Michael P. McPhail, 49, pleaded guilty to a criminal information charging him with conspiracy to commit bribery on Feb. 19 2014.   According to his plea documents, McPhail is a former employee of a Chesapeake, Virginia, government contracting company, referred to as Company A, which sought contracting business from the Military Sealift Command, the leading provider of transportation for the United States Navy.  At his plea hearing, McPhail admitted that from March 2005 to January 2007, he contributed approximately $45,000 of his salary toward bribe payments made to two public officials working for the Military Sealift Command to influence them to provide favorable treatment to Company A in connection with United States government contracting work.
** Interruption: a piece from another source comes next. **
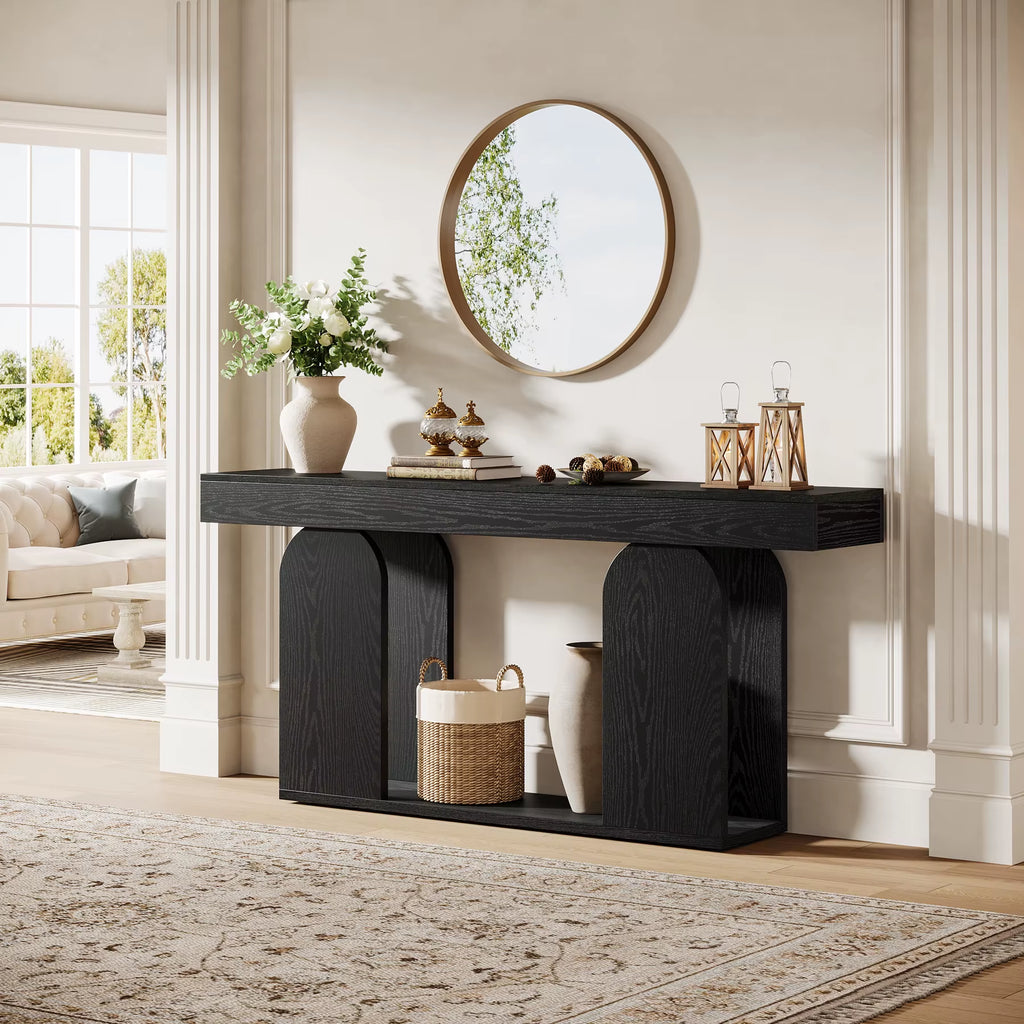 Tribesigns 70.9-Inch Extra Long Sofa Table, 2-Tier Wood Table behind Couch, Black Console Tables with Wood Storage Shelf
Specifically, McPhail and other Company A employees, including Roderic J. Smith, the former president of Company A; Dwayne A. Hardman, the co-founder of Company A; and Adam C. White, a former vice president at Company A provided monthly cash bribes to two Military Sealift Command public officials.   The bribery conspiracy resulted in the payment of more than $265,000 in cash bribes, among other things of value, to Kenny E. Toy, the former Afloat Programs Manager for the Military Sealift Command’s N6 Command, Control, Communication, and Computer Systems Directorate, and Scott B. Miserendino, Sr., a former government contractor who performed work for the Military Sealift Command.   In addition his prison sentence, McPhail was ordered to forfeit $57,000.

Earlier this year, four other individuals pleaded guilty in connection with the bribery scheme.  On Feb. 12, 2014, Toy pleaded guilty to accepting bribes from Company A employees.   On Feb. 18, 2014, Hardman pleaded guilty to providing bribes to Toy and Miserendino.  On March 5, 2014, Smith pleaded guilty to conspiracy to bribe public officials.  On April 4, 2014, White pleaded guilty to conspiracy to commit bribery.

On June 23, 2014, United States District Judge Henry Coke Morgan sentenced Smith to 48 months in prison and ordered him to forfeit $175,000.  On July 9, 2014, Judge Smith sentenced Hardman to 96 months in prison and ordered him to forfeit $144,000.   On July 11, 2014, Judge Smith sentenced White to 24 months in prison and ordered him to forfeit $57,000.   On July 29, 2014, Judge Smith sentenced Toy to 96 months in prison and ordered him to forfeit $100,000.

On May 23, 2014, a grand jury in the Eastern District of Virginia indicted Miserendino and Timothy S. Miller, a businessman whose company sought contracting business from the Military Sealift Command.   The indictment charges Miserendino with one count of conspiracy to commit bribery, one count of bribery, one count of conspiracy to commit obstruction of criminal investigations and to commit tampering with a witness, and one count of obstruction of criminal investigations.   The indictment charges Miller with one count of conspiracy to commit bribery and two counts of bribery.   Trial is set for Sept. 30, 2014, before Judge Smith.

Charges contained in an indictment are merely allegations, and a defendant is presumed innocent unless and until proven guilty.

The case was investigated by the FBI, NCIS, and DCIS.   The case was prosecuted by Trial Attorney Emily Rae Woods of the Criminal Division’s Public Integrity Section and Assistant U.S. Attorney Stephen W. Haynie of the Eastern District of Virginia.